Here is an example of a web service proxy adding WS-Security to an unsecure target web service:
<?xml version="1.0" encoding="UTF-8"?>
<mule xmlns="http://www.mulesoft.org/schema/mule/core"
xmlns:xsi="http://www.w3.org/2001/XMLSchema-instance"
xmlns:http="http://www.mulesoft.org/schema/mule/http"
xmlns:cxf="http://www.mulesoft.org/schema/mule/cxf"
xmlns:spring="http://www.springframework.org/schema/beans"
xmlns:mule-ss="http://www.mulesoft.org/schema/mule/spring-security"

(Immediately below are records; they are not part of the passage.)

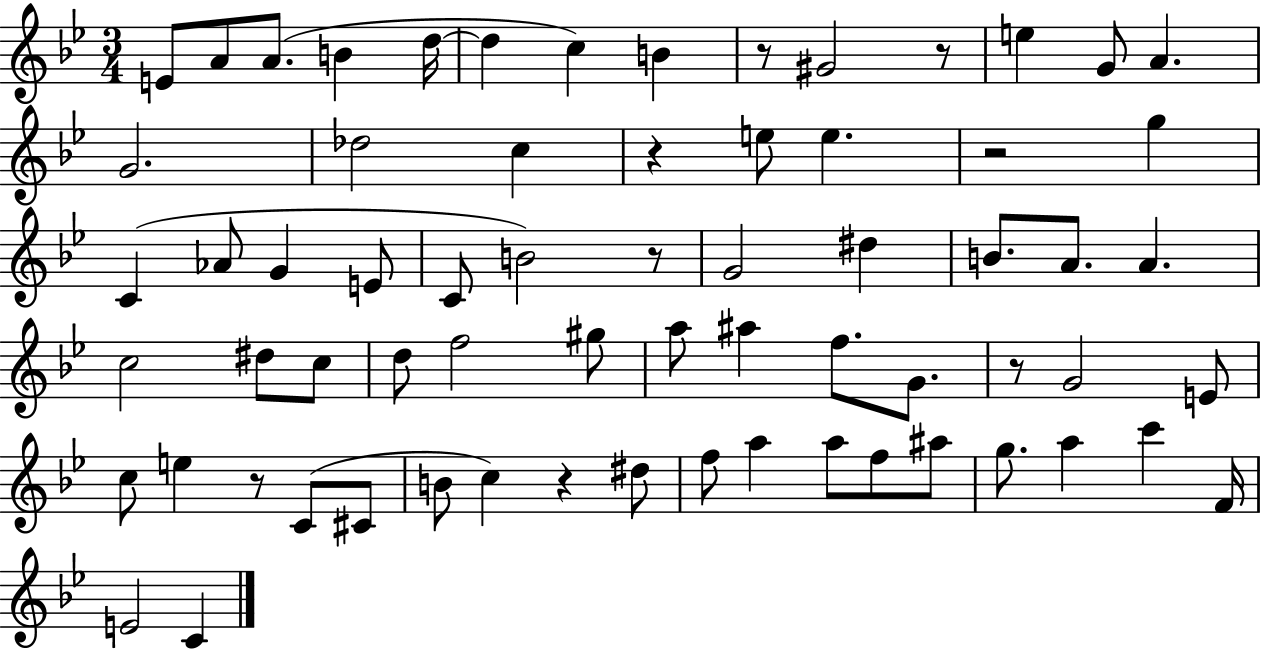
{
  \clef treble
  \numericTimeSignature
  \time 3/4
  \key bes \major
  e'8 a'8 a'8.( b'4 d''16~~ | d''4 c''4) b'4 | r8 gis'2 r8 | e''4 g'8 a'4. | \break g'2. | des''2 c''4 | r4 e''8 e''4. | r2 g''4 | \break c'4( aes'8 g'4 e'8 | c'8 b'2) r8 | g'2 dis''4 | b'8. a'8. a'4. | \break c''2 dis''8 c''8 | d''8 f''2 gis''8 | a''8 ais''4 f''8. g'8. | r8 g'2 e'8 | \break c''8 e''4 r8 c'8( cis'8 | b'8 c''4) r4 dis''8 | f''8 a''4 a''8 f''8 ais''8 | g''8. a''4 c'''4 f'16 | \break e'2 c'4 | \bar "|."
}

xmlns:ss="http://www.springframework.org/schema/security"
xsi:schemaLocation="
http://www.mulesoft.org/schema/mule/core http://www.mulesoft.org/schema/mule/core/3.2/mule.xsd
http://www.mulesoft.org/schema/mule/http http://www.mulesoft.org/schema/mule/http/3.2/mule-http.xsd
http://www.mulesoft.org/schema/mule/cxf http://www.mulesoft.org/schema/mule/cxf/3.2/mule-cxf.xsd
http://www.mulesoft.org/schema/mule/spring-security http://www.mulesoft.org/schema/mule/spring-security/3.2/mule-spring-security.xsd
http://www.springframework.org/schema/beans http://www.springframework.org/schema/beans/spring-beans-3.0.xsd
http://www.springframework.org/schema/security http://www.springframework.org/schema/security/spring-security-3.0.xsd">
<mule-ss:security-manager>
<mule-ss:delegate-security-provider
name="memory-provider" delegate-ref="authenticationManager" />
</mule-ss:security-manager>
<spring:beans>
<ss:authentication-manager alias="authenticationManager">
<ss:authentication-provider>
<ss:user-service id="userService">
<ss:user name="user" password="pass" authorities="ROLE_USER" />
</ss:user-service>
</ss:authentication-provider>
</ss:authentication-manager>
<cxf:security-manager-callback id="serverCallback" />
</spring:beans>
<flow name="secureStockQuoteWsProxy">
<http:inbound-endpoint address="http://localhost:8080/sec-ws/stockquote"
exchange-pattern="request-response">
<cxf:proxy-service>
<cxf:inInterceptors>
<spring:bean
class="org.apache.cxf.binding.soap.saaj.SAAJInInterceptor" />
<spring:bean
class="org.apache.cxf.ws.security.wss4j.WSS4JInInterceptor">
<spring:constructor-arg>
<spring:map>
<spring:entry key="action" value="UsernameToken" />
<spring:entry key="passwordCallbackRef"
value-ref="serverCallback" />
</spring:map>
</spring:constructor-arg>
</spring:bean>
</cxf:inInterceptors>
</cxf:proxy-service>
</http:inbound-endpoint>
<http:outbound-endpoint address="http://www.webservicex.net/stockquote.asmx"
exchange-pattern="request-response">
<cxf:proxy-client enableMuleSoapHeaders="false"
soapVersion="1.2" />
</http:outbound-endpoint>
</flow>
http://www.webservicex.net/stockquote.asmx?wsdl gives the same result. So you could test it there. Maybe the problem lies with .net services.
Anyway, for now I made a successful proxy with the webservice pattern. Now I am still working on transforming a response. Not with much success because Mule keeps giving me a ReleasingInputStream as response.